Which comes first? The road-movie or the coming-of-age story? Either way, in director Brennan Hannam's Wildhood - their sort-of-but-not-really debut feature (reportedly, a lesser film that Hannam hopes to bury is out there somewhere) - the film works. 

As a road movie, Hannam's film has a rightful place along the back routes of some of the cinemas' most impressive road pictures, trekking along the highways and dirt roads, on foot and in a car. 

There is a likeness to Powwow Highway (1988) in ways beyond the two films' Indigenous connections. In equal amounts, one can look to Monte Hellman's Two-Lane Blacktop (1971) or Dennis Hopper's Easy Rider (1969) as a way of examining a personal identity with home and just a little bit of perceived, although inaccurate, lawlessness.  

Phillip Lewitski, Avery Winters-Anthony and Joshua Odjick on a journey of self-discovery in Wildhood. Photo by Riley Smith, courtesy of Mongrel Media.

As a coming-of-age film, the movie has some of the same flavours as Transamerica (2005) but again, not solely based on that narrative's explorations of sexual awakenings.  

And it might be strained, but I think I could hammer out an argument that there is The Wizard of Oz (1939) in the picture, insomuch as it takes leaving home to find home, and that the past is a way of foraging towards the future.  

But Wildhood does not seem fixated on any pre-paved roadmap, even though there might be a few familiar stops along the way. The stakes here are relatively low beyond an initial call-to-journey. 

 Link (Phillip Lewitski) is a young man who leaves his abusive home searching for his Mi'kmaw heritage and a birth mother he's been told is dead. Link is the kind of misunderstood teen given to spurts of lawlessness as a reaction to neglect. He takes with him his younger half-brother, Travis (Avery Winters-Anthony). 

The boys flee one confrontation only to discover many more down the road.

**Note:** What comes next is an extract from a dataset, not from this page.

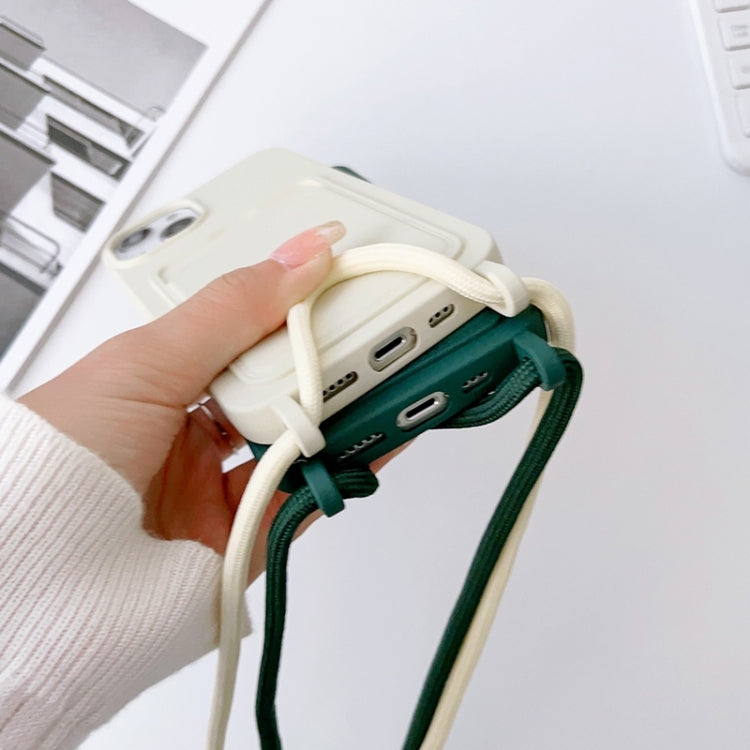 Crossbody Lanyard Elastic Silicone Card Holder Phone Case, For iPhone 15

That's not to say the journey away from one towards another is futile or unnecessary. The fleeing is safer than the abuse they’d experienced at the hands of their father (another dark and bang-on performance from Joel Thomas Hynes). Truly his escape with his brother in tow is both necessary and brave.  

(A sidenote: Hynes is great, but as good as he is, perhaps it's time for him to consider appearing in a light musical comedy--plus the man can sing!) 

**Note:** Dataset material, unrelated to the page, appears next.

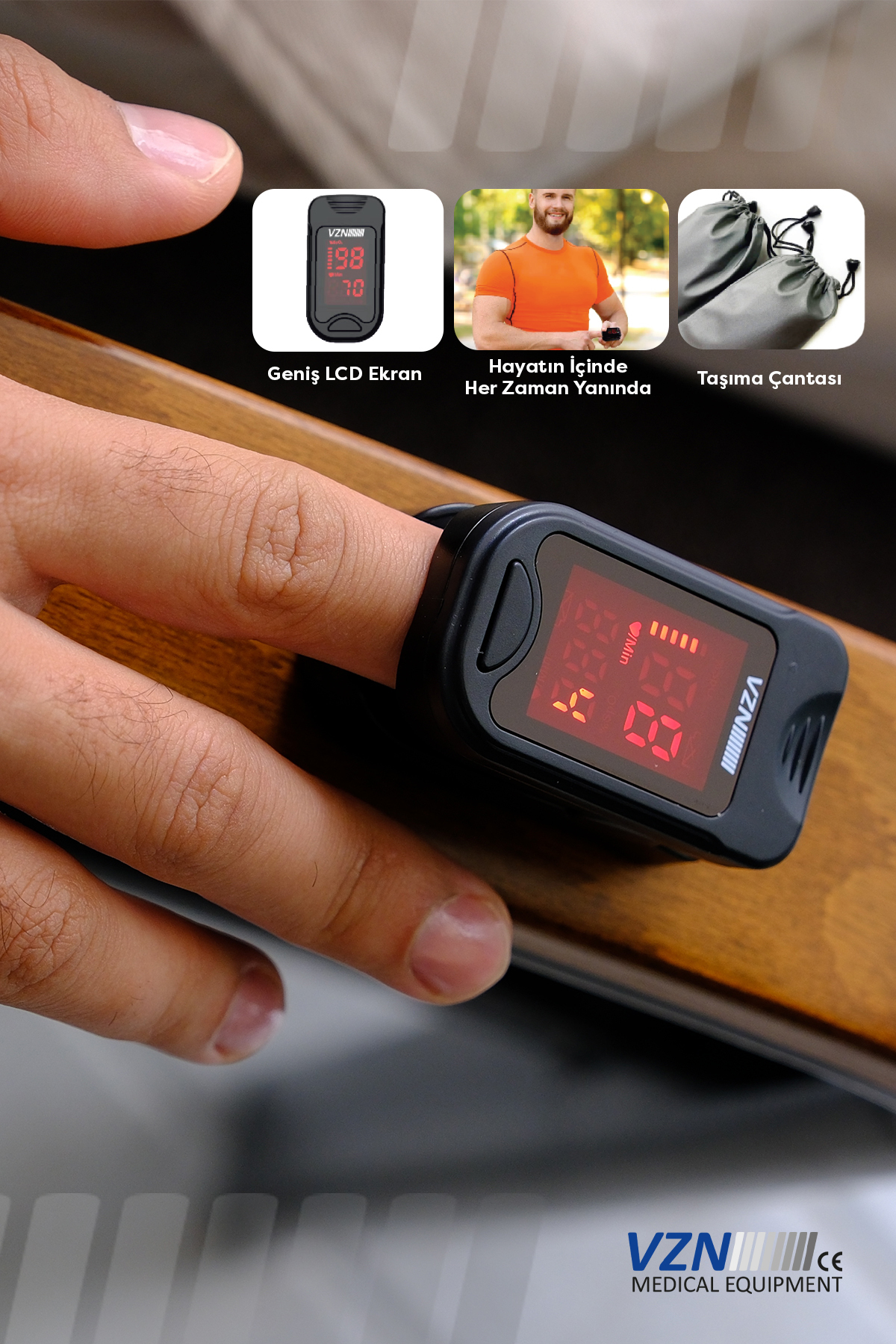 Mediterian Parmak Premium Seri Pulse Saturasyon Kandaki Oksijen Orani Ve Nab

The stakes here are relatively low. There is no one fast on their heels and no spritely moments of comic mischief to set the banjos plucking as they make a hasty escape--something that even Arthur Penn's violent depiction of Bonnie & Clyde (1967) couldn't resist.  

The film continues along a road of revelations, both fleeting and consequential taking its characters on a journey of discovery, which involves the odd dichotomy of pressing forward to reach the past to further push forward.  

It would be easy to simply recount the stages and progressions of growing up, coming age, self-discovery, and sexual awakenings. Wildhood is all that, but it also dips into identity issues that run deeper than what is affected visual clues and by the preference of touch.

As Link, Lewitski grabs the screen with a James Dean brood and a Brad Pitt (circa Thelma and Louise) coy charm. No less engaging is Joshua Odjick as Pasmay, the young man who joins the brothers on their journey.

Lewitsky and Odjick are natural on camera. They enter the story on the strength of their relationships with ease and comfort; not an easy task for young actors with limited life experience, let alone acting experience. Their characters live in the realm of the moment; things happen and then don't. Occurrences either make them stronger or are eventually forgotten. 

Hannam themself, a two-spirited Mi'kmaw, is a talent in control of their work. The confidence they put to screen comes through in subsequent conversations with them outside of the movie. Hannam might argue differently, having known and managed the compromises that no one sees on this side of the screen. It's part of the gig to conceal the magic tricks of filmmaking. But what does get up on the screen, captured in the performances and in the frame of the director's eye, shows a formidable truth. 

It’s a truth not based on facts--whether the film has even minuscule personal truth, I don't know--but on the truth of character and of the world that Hannam creates, even when the film takes on a dreamlike caress. 

It’s not surprising that Wildhood is piling up awards and nominations. The film is nominated for Best Picture (among other nominations) at the upcoming Canadian Screen Awards (CSA). Lewitski is nominated for Best Actor, and Odjick has a Best Supporting Actor nomination. 

Hannam also recently earned recognition from the Toronto Film Critics Association with the Stella Artois Jay Scott Prize of $10,000, 

Wildhood is directed by Bretten Hannam and stars Phillip Lewitski, Joshua Odjick, Avery Winters-Anthony, Jordan Poole, Joel Thomas Hynes, and Michael Greyeyes. It opens in select theatres on March 10.